Activity: As soon as the line containing "Quadro canvas Rosas Borboleta Natureza" appears, start repeating lines exactly and continue to the end of the entries; please skip pictures.

Exercise input:
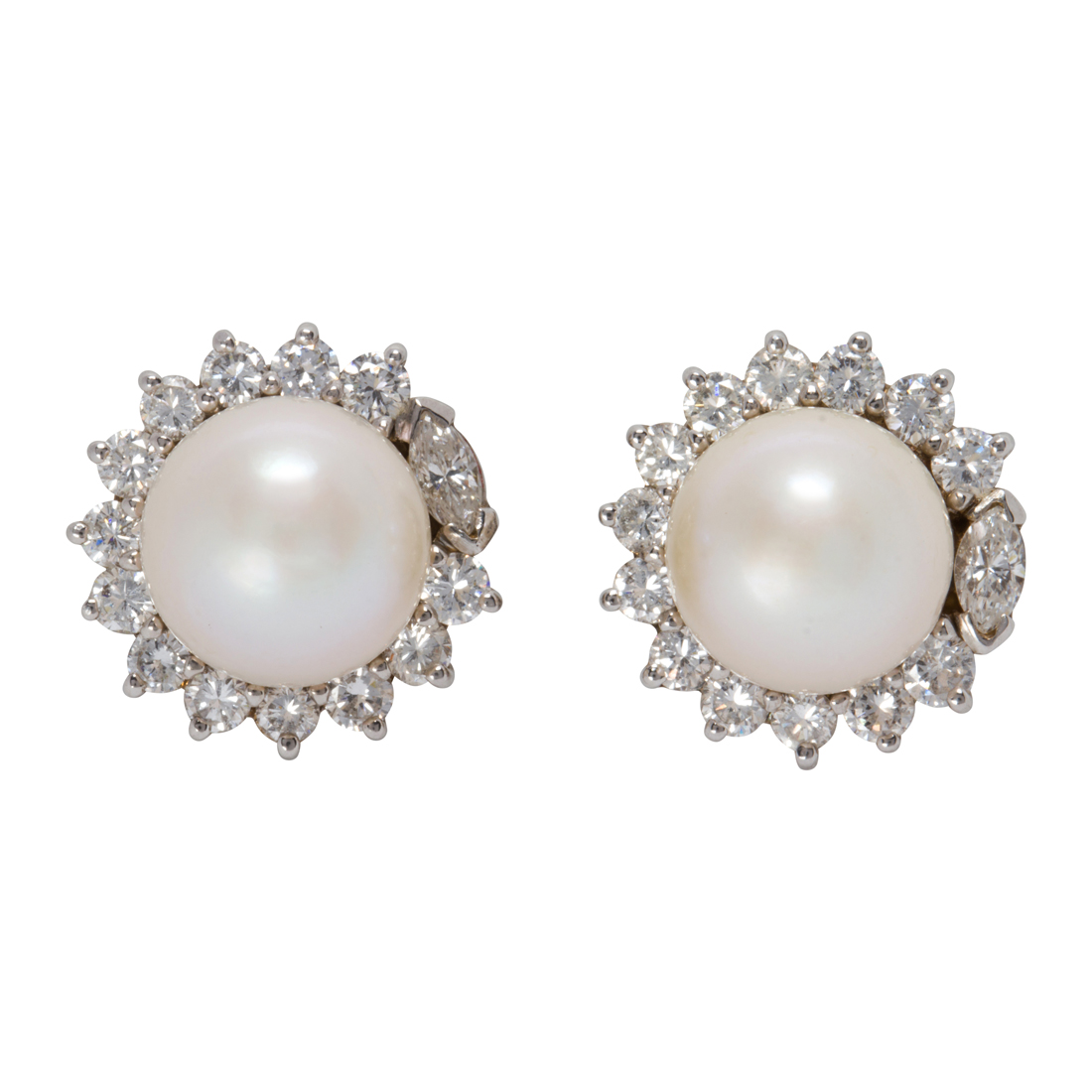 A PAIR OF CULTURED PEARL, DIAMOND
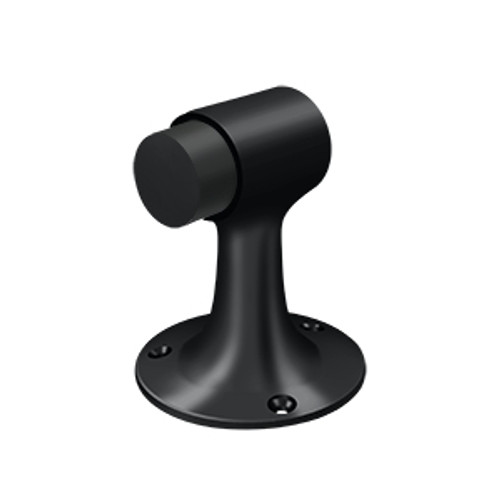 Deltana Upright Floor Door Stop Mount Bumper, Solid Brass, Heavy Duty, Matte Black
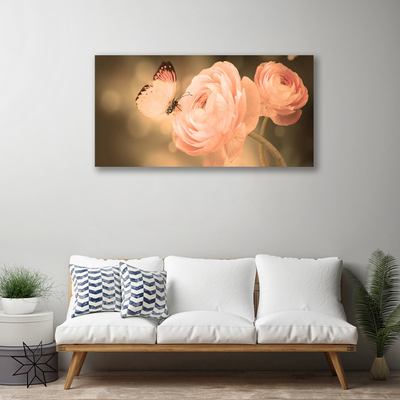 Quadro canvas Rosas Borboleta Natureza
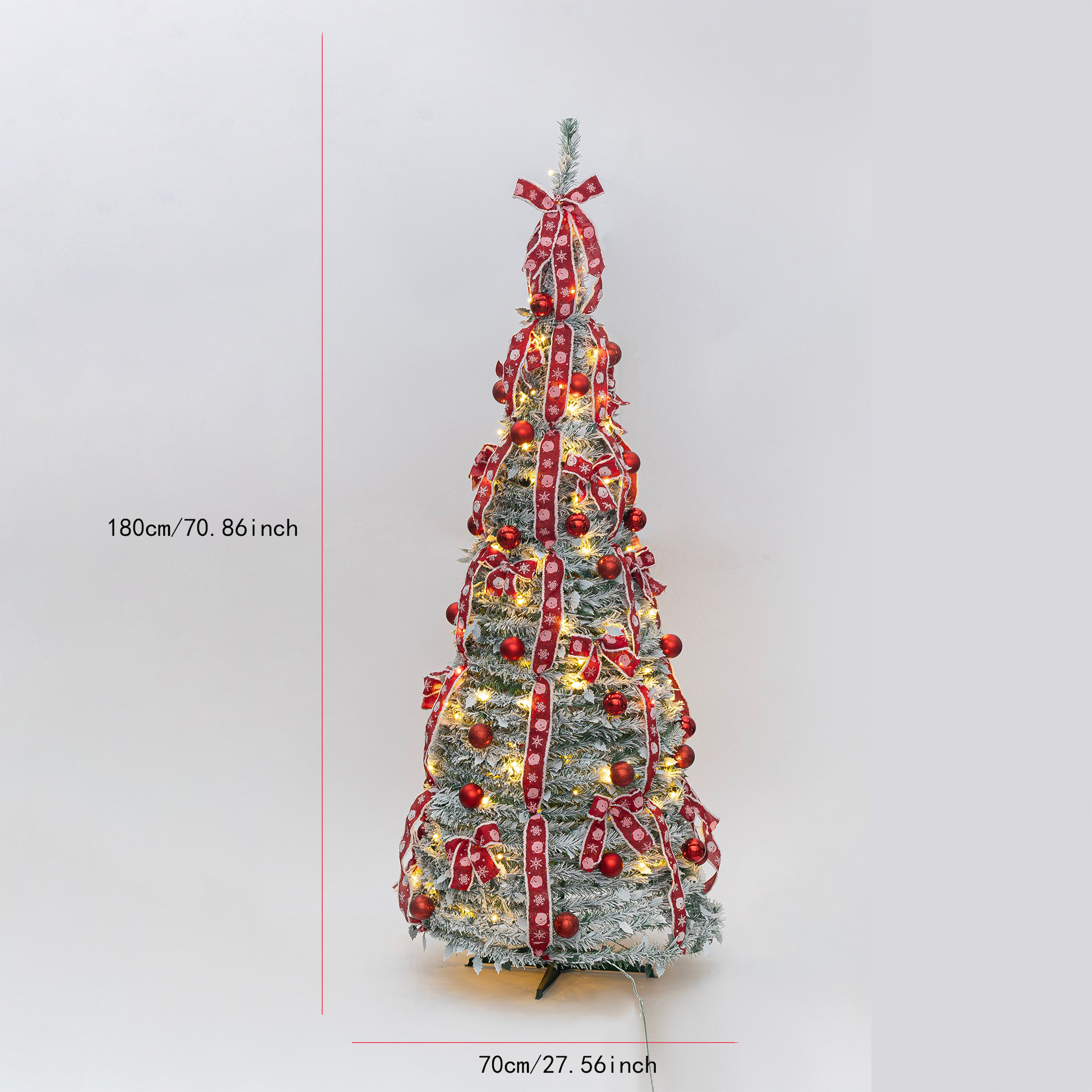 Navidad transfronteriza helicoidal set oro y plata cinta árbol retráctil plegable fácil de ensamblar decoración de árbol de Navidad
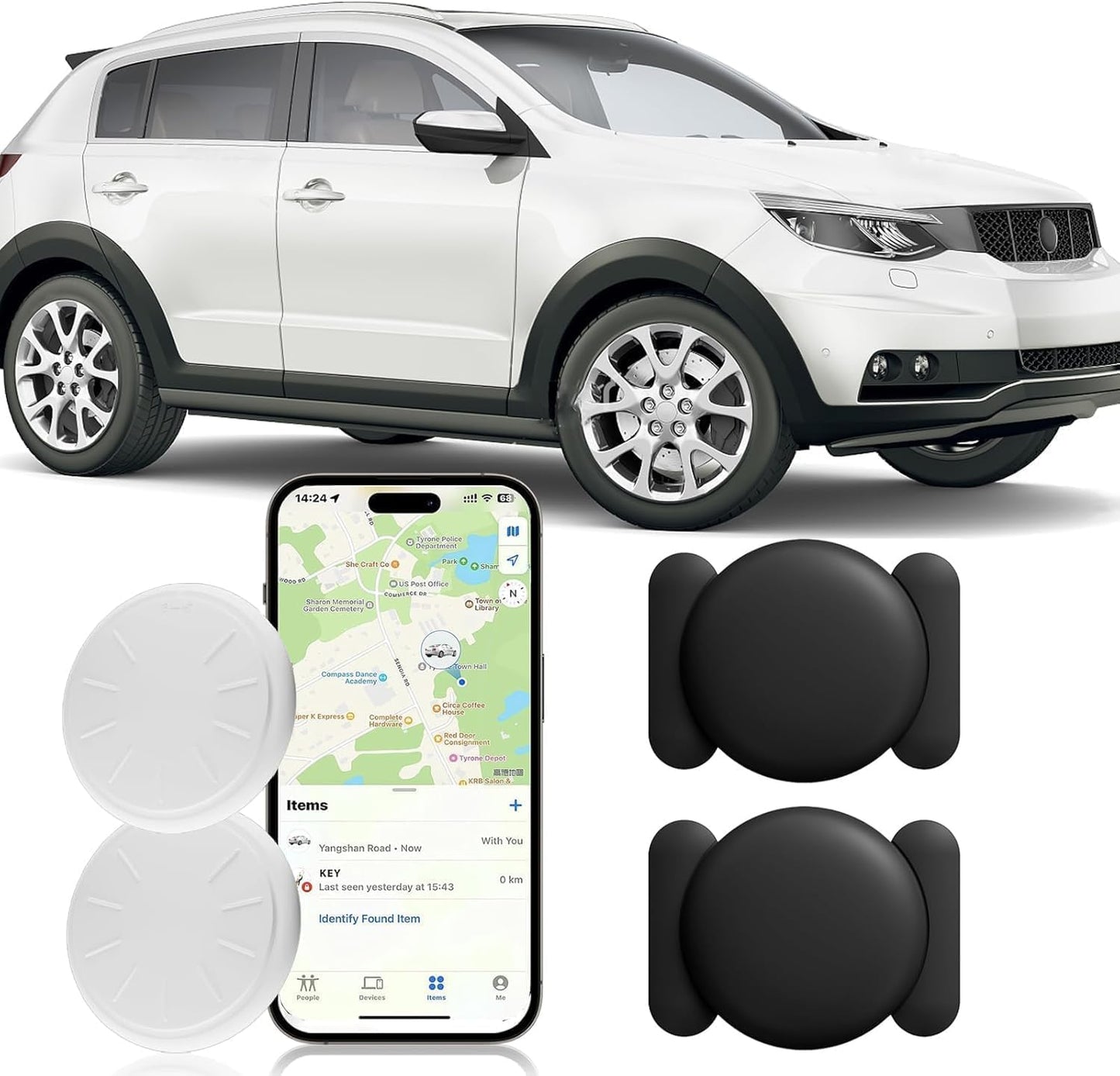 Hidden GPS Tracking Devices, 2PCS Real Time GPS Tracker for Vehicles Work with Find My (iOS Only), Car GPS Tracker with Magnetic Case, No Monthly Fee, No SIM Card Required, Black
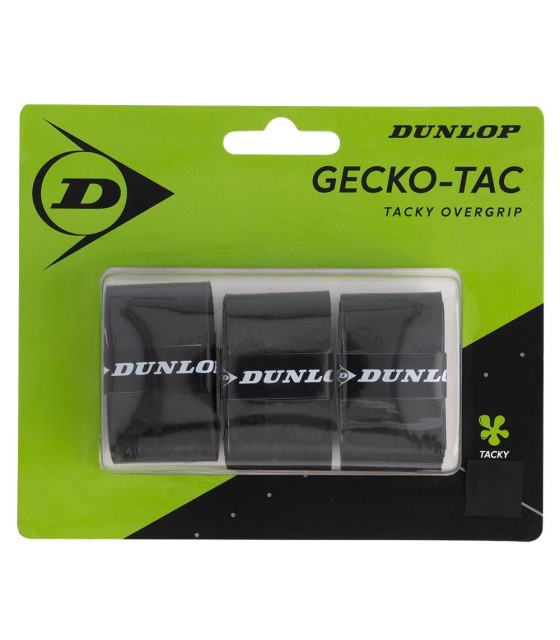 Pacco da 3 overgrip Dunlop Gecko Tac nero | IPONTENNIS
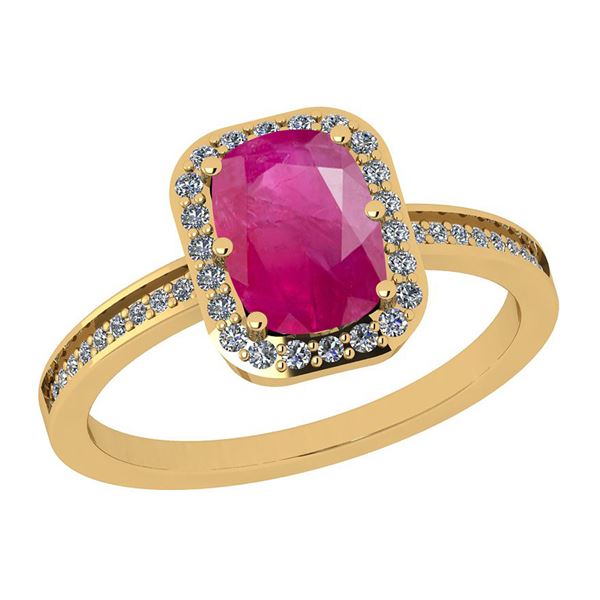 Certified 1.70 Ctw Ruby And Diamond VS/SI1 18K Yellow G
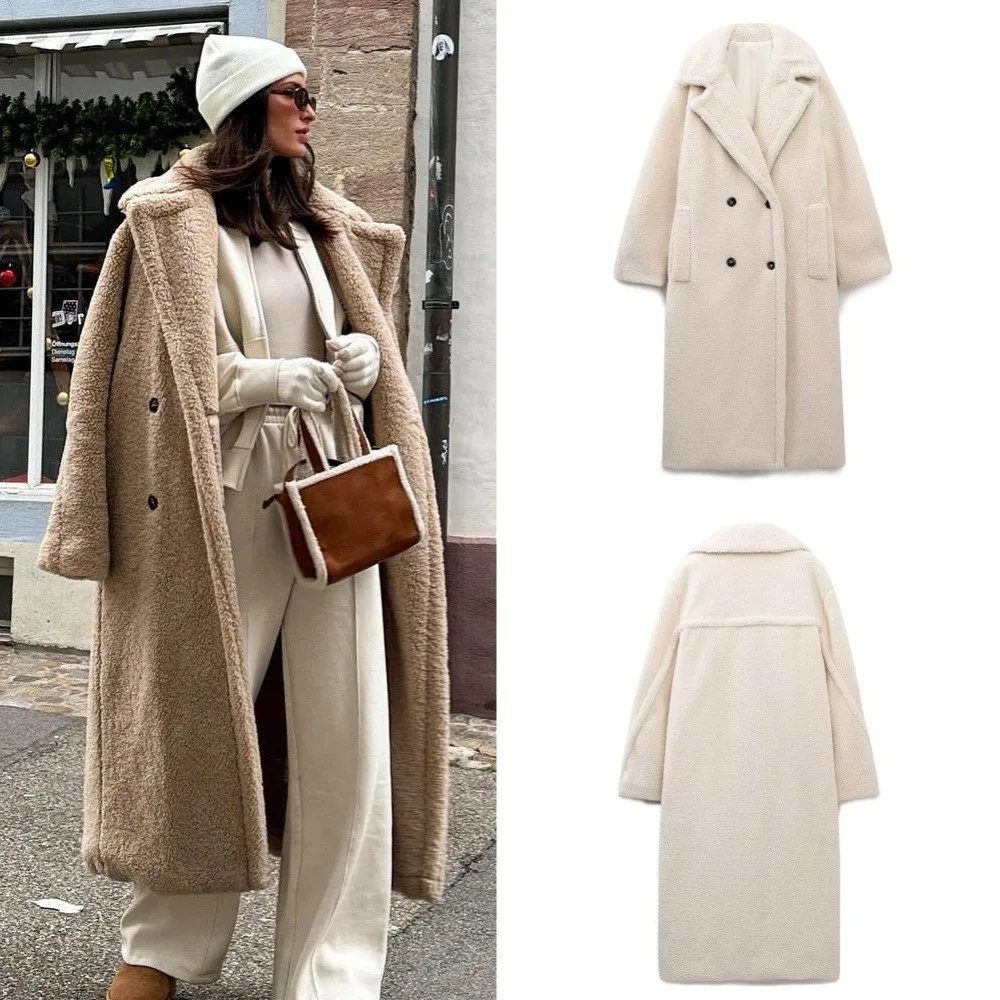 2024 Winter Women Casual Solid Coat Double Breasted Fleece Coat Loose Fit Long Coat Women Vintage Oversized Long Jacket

Answer space:
 Quadro canvas Rosas Borboleta Natureza
 Navidad transfronteriza helicoidal set oro y plata cinta árbol retráctil plegable fácil de ensamblar decoración de árbol de Navidad
 Hidden GPS Tracking Devices, 2PCS Real Time GPS Tracker for Vehicles Work with Find My (iOS Only), Car GPS Tracker with Magnetic Case, No Monthly Fee, No SIM Card Required, Black
 Pacco da 3 overgrip Dunlop Gecko Tac nero | IPONTENNIS
 Certified 1.70 Ctw Ruby And Diamond VS/SI1 18K Yellow G
 2024 Winter Women Casual Solid Coat Double Breasted Fleece Coat Loose Fit Long Coat Women Vintage Oversized Long Jacket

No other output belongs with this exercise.